All that should come back is the lines of the data below from the one containing "NWT LOFT Linen" to the one containing "Yellow Floral Jewellery", inclusive, exactly as they stand.

================================

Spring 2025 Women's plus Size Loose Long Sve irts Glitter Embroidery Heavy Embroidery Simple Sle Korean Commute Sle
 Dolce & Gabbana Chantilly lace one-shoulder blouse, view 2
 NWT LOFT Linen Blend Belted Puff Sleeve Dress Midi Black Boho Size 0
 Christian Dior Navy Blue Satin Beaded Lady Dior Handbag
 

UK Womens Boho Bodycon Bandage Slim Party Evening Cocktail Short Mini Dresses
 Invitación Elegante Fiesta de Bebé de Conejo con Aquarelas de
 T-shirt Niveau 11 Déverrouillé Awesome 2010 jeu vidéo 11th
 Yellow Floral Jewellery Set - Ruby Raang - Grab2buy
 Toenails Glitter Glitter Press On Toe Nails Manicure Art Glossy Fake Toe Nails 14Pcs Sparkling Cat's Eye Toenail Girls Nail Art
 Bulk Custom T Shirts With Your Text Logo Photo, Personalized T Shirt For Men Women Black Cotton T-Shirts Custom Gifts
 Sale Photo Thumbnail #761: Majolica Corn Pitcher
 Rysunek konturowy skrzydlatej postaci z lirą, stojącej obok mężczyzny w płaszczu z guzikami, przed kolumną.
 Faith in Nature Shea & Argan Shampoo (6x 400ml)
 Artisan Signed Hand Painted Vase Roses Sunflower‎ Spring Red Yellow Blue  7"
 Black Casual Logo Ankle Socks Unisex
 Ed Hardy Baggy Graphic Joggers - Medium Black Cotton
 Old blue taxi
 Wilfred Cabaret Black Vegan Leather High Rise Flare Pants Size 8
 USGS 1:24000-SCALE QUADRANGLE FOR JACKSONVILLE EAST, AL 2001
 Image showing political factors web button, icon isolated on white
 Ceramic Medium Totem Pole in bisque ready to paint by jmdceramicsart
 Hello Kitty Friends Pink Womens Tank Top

================================

## Problem solution
 NWT LOFT Linen Blend Belted Puff Sleeve Dress Midi Black Boho Size 0
 Christian Dior Navy Blue Satin Beaded Lady Dior Handbag
 

UK Womens Boho Bodycon Bandage Slim Party Evening Cocktail Short Mini Dresses
 Invitación Elegante Fiesta de Bebé de Conejo con Aquarelas de
 T-shirt Niveau 11 Déverrouillé Awesome 2010 jeu vidéo 11th
 Yellow Floral Jewellery Set - Ruby Raang - Grab2buy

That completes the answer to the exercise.